*DATA PROVIDED*.
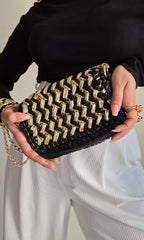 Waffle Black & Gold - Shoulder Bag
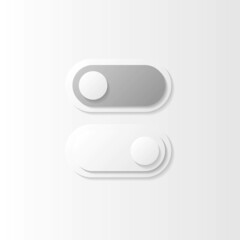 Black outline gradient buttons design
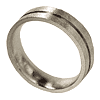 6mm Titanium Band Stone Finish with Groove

--

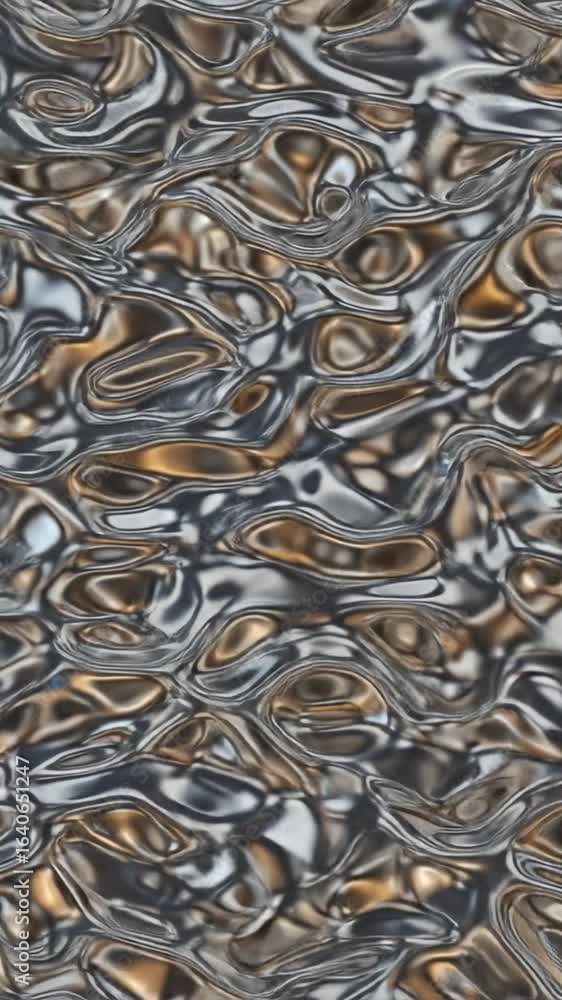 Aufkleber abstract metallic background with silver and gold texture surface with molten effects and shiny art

...

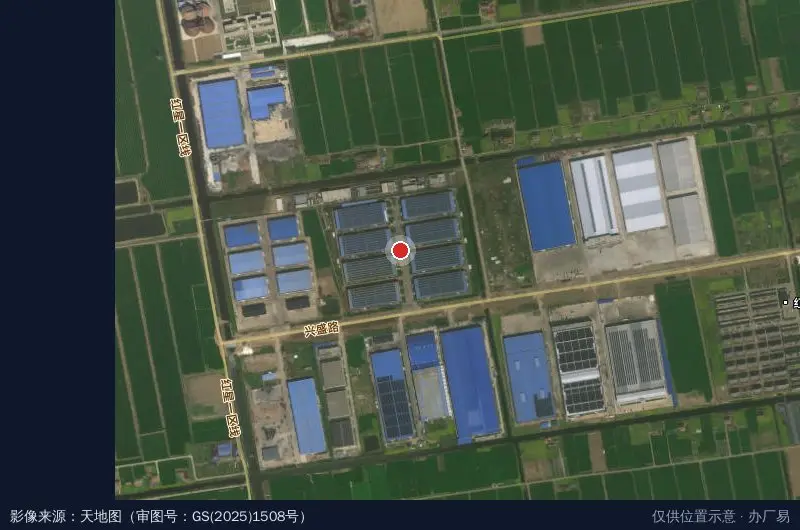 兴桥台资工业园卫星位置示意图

*WHAT TO PRODUCE*. Out of the records above, return only the lines from the one with "Black outline gradient buttons design" through the one with "6mm Titanium Band Stone Finish with Groove", exactly, and none of the pictures.

*WRITTEN RESPONSE*.
 Black outline gradient buttons design
 6mm Titanium Band Stone Finish with Groove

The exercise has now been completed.